**Work request:** Starting at the first line of the listing below, repeat each line exactly until you have repeated the one containing "Herren Wollmantel mit"; skip the pictures.

=== Begin Enclosure ===

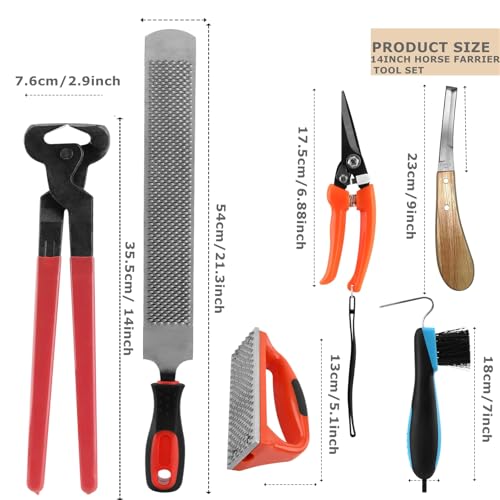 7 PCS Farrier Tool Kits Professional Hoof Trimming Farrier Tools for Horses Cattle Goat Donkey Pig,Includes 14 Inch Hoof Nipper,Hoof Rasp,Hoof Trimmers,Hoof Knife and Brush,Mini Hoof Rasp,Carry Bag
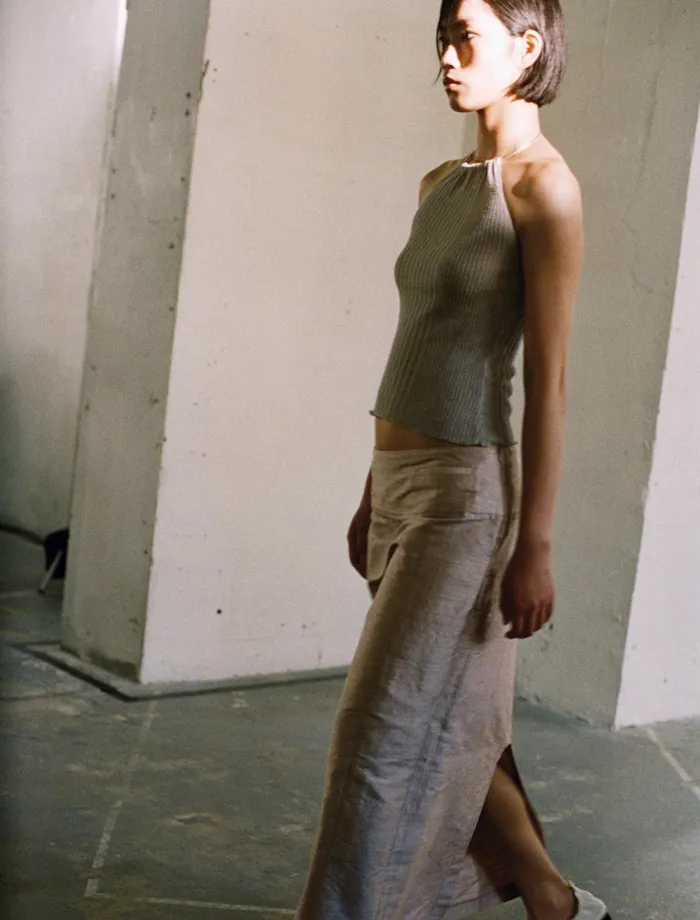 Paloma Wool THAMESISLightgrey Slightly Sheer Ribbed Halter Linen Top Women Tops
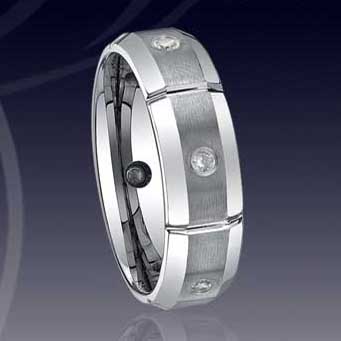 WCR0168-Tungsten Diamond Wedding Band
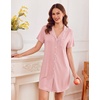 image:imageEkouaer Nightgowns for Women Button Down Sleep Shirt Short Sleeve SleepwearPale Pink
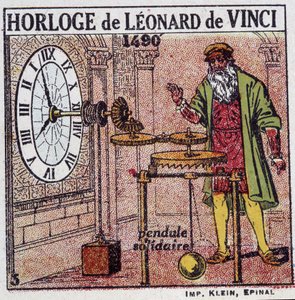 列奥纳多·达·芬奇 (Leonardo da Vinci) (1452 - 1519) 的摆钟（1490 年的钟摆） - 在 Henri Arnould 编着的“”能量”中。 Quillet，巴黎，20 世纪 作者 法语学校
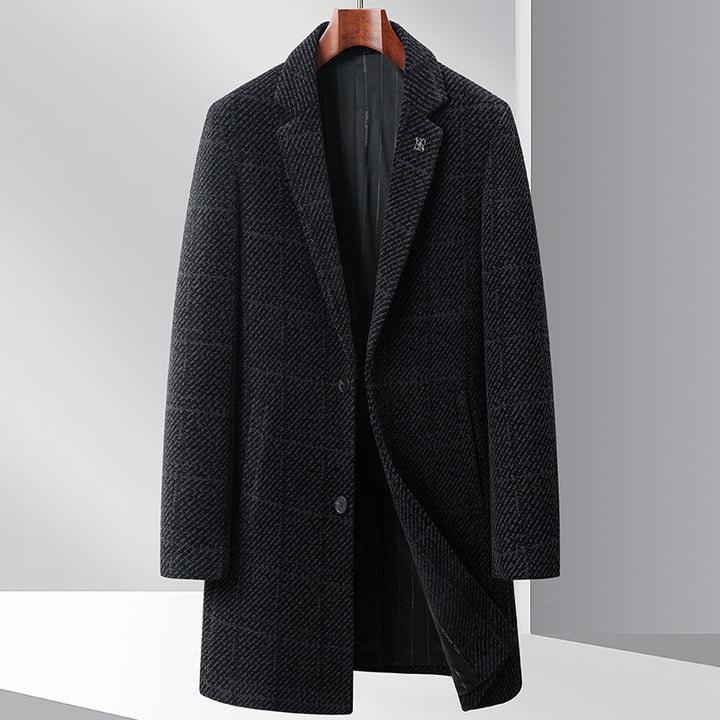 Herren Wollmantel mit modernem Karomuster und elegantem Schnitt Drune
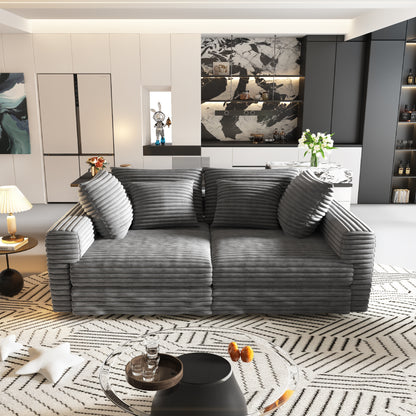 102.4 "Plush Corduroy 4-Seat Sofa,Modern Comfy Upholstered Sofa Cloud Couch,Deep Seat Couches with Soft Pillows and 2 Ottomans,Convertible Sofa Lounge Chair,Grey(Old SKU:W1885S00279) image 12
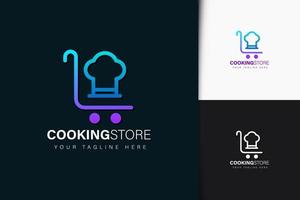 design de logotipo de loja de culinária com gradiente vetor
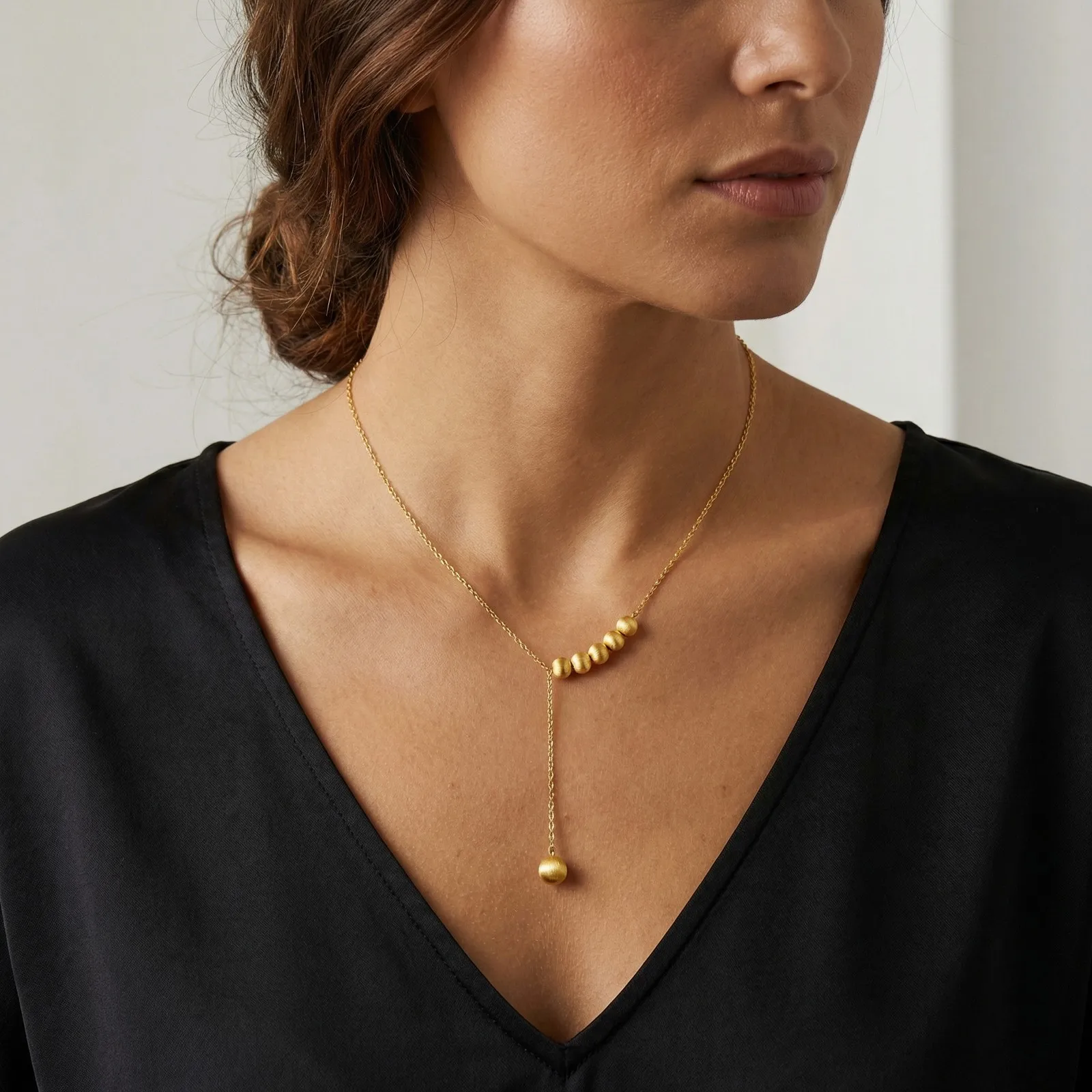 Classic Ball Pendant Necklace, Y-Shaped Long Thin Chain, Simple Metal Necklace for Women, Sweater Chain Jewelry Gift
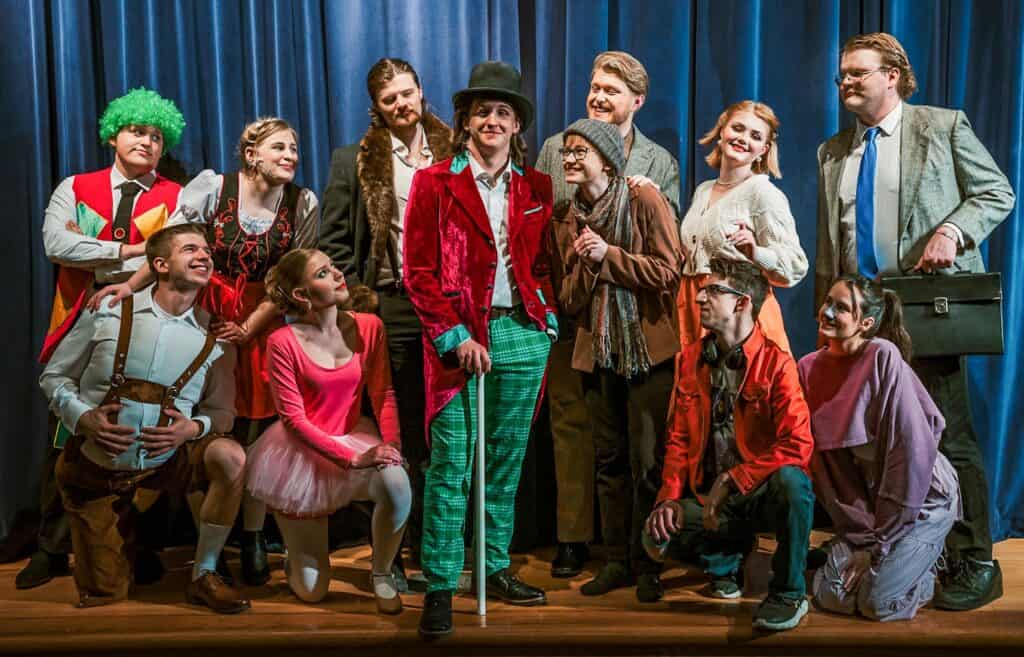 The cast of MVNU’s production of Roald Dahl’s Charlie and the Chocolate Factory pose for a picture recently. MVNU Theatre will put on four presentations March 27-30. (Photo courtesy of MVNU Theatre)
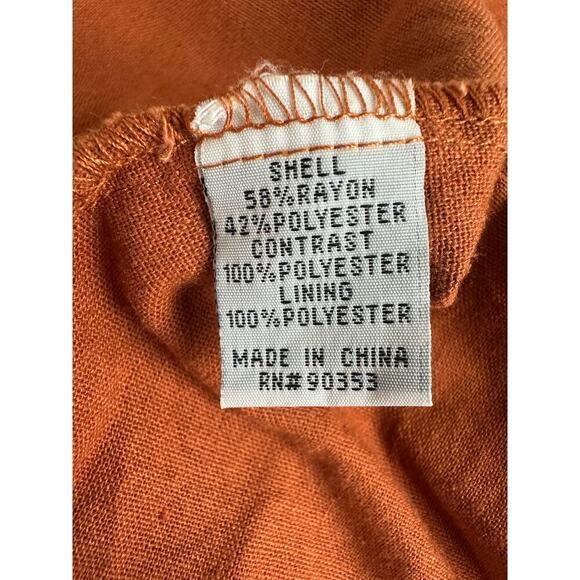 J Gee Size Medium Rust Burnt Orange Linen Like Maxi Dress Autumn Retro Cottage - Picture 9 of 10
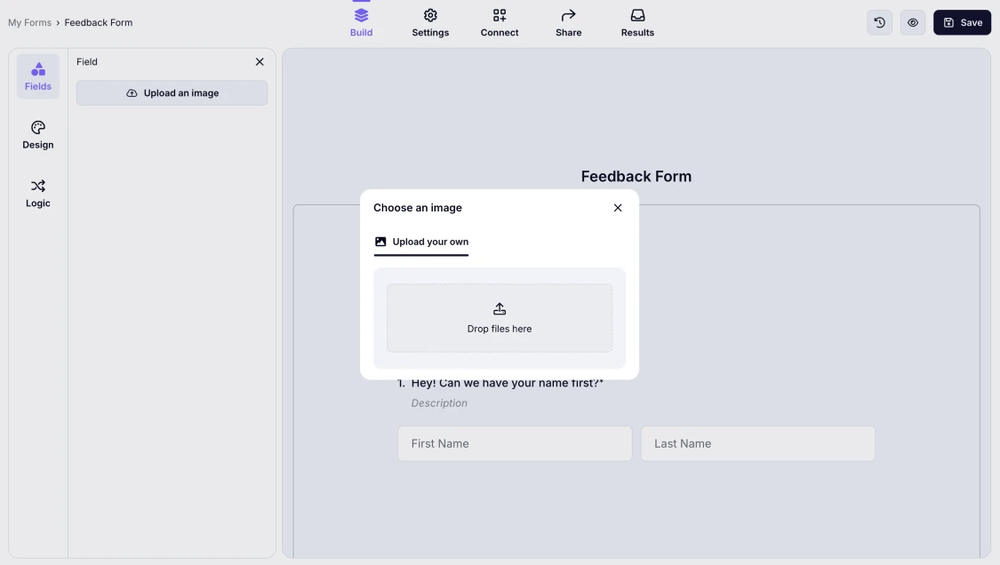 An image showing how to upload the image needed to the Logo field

=== End Enclosure ===

**Output of the exercise:**
 7 PCS Farrier Tool Kits Professional Hoof Trimming Farrier Tools for Horses Cattle Goat Donkey Pig,Includes 14 Inch Hoof Nipper,Hoof Rasp,Hoof Trimmers,Hoof Knife and Brush,Mini Hoof Rasp,Carry Bag
 Paloma Wool THAMESISLightgrey Slightly Sheer Ribbed Halter Linen Top Women Tops
 WCR0168-Tungsten Diamond Wedding Band
 image:imageEkouaer Nightgowns for Women Button Down Sleep Shirt Short Sleeve SleepwearPale Pink
 列奥纳多·达·芬奇 (Leonardo da Vinci) (1452 - 1519) 的摆钟（1490 年的钟摆） - 在 Henri Arnould 编着的“”能量”中。 Quillet，巴黎，20 世纪 作者 法语学校
 Herren Wollmantel mit modernem Karomuster und elegantem Schnitt Drune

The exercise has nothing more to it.